Nyak Mu, yang sudah meninggal 3 tahun lalu, mendirikan usaha tenun songket Aceh sejak tahun 1973. Ia mengajari wanita-wanita yang datang dari Aceh Timur, Lamno, Aceh Besar, serta Banda Aceh, menenun. Setelah mahir, mereka membuka usaha sendiri di desa asalnya.




“Mendiang Nyak Mu bukan hanya pintar membuat motif tradisional, tetapi juga menciptakan motif baru,” tutur Dahlia. Motif tradisional songket Aceh di antaranya adalah pucuk rebung, awan siung, dan lidah suing (burung beo). “Tapi, Nyak juga menciptakan motif, seperti pintu Aceh dan bungong kertah,” imbuh Dahlia, yang juga anak perempuan Nyak Mu.

Dahlia mengatakan, bila kini mereka bisa menenun dengan tenang, tidak demikian dengan Nyak Mu. Ketika konflik Aceh bergolak, Nya Mu kadangkala harus menenun di tengah bunyi letusan senjata yang membuatnya harus tiarap ke lantai.

“Bukan hanya itu, para petani ulat sutra juga tidak mau lagi bertanam sehingga bahan baku untuk dipintal menjadi benang tidak ada lagi,” kata Dahlia. Itulah sebabnya, di beberapa tempat, para penenun songket Aceh memilih berhenti berproduksi.

Kini, bahan baku benang bisa didapatkan dengan mudah. Benang sutra misalnya, didatangkan dari Palembang, sementara benang katun bisa dibeli di pasar terdekat. Untuk selembar songket sutra, para penenun yang bekerja dari pukul 08.00 hingga pukul 17.30 itu bisa menyelesaikannya dalam waktu 20 hari. Per lembarnya dihargai Rp1,2 juta. Untuk bahan katun lebih murah, per lembar antara Rp500.000 – Rp800.000.

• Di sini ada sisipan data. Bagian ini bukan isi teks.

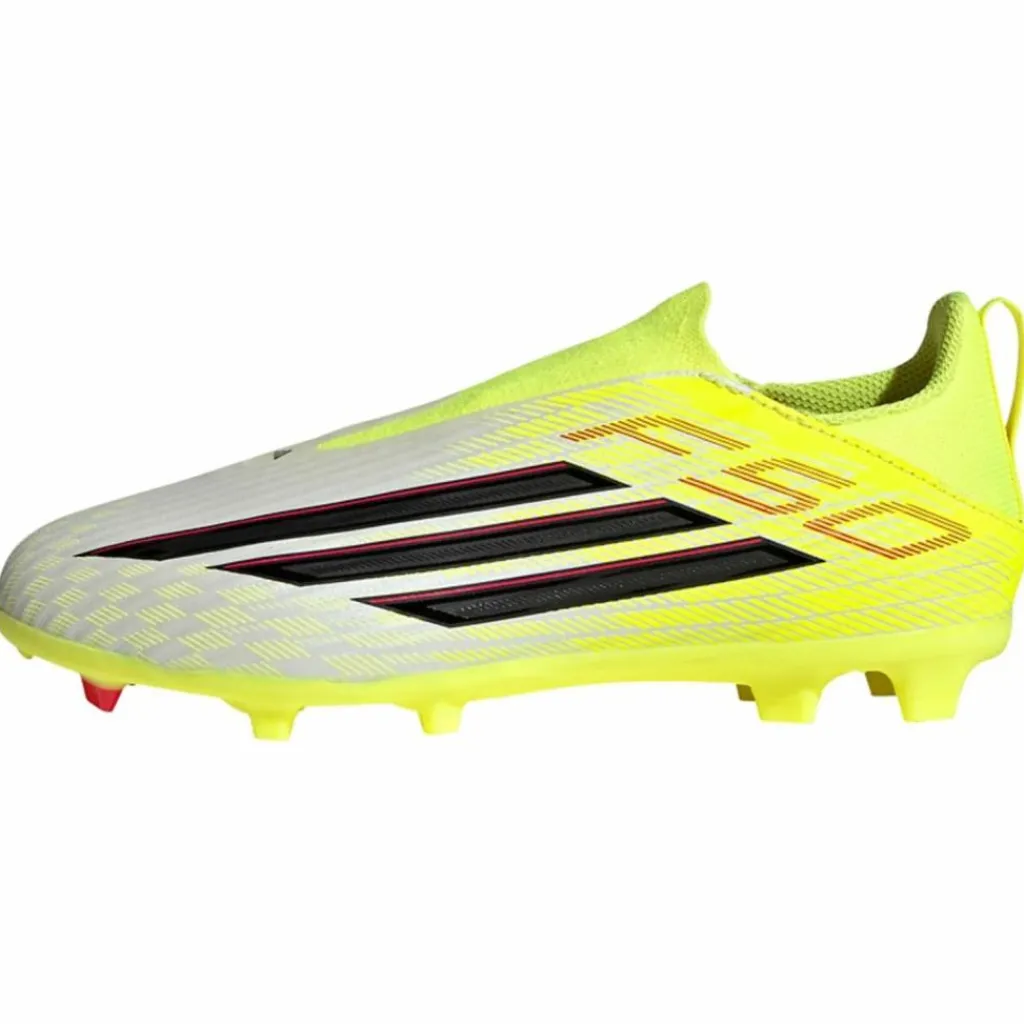 adidas Fußball|Fußballschuhe<· F50 LEAGUE Laceless Firm Ground / Multi Team Solar Yellow 2 / Core Black / Lucid Red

Menurut Dahlia, kini tidak banyak lagi wanita Siem yang mau menenun. Dahlia menghitung, hanya tinggal 9 orang saja. Maklum, ongkos menenun juga tidak terlampau besar, sekitar Rp175.000 per lembar. “Saya menenun sebagai tambah-tambahan saja karena penghasilan utama saya dari berjualan kue di warung,” tutur Khairiah (30), tersenyum. Tak hanya minimnya minat, satu hal yang disayangkan Dahlia adalah belum paripurnanya dia menimba ilmu membuat motif dari ibunya. Ketika Nyak Mu berpulang, masih banyak motif yang belum sempat ia pelajari.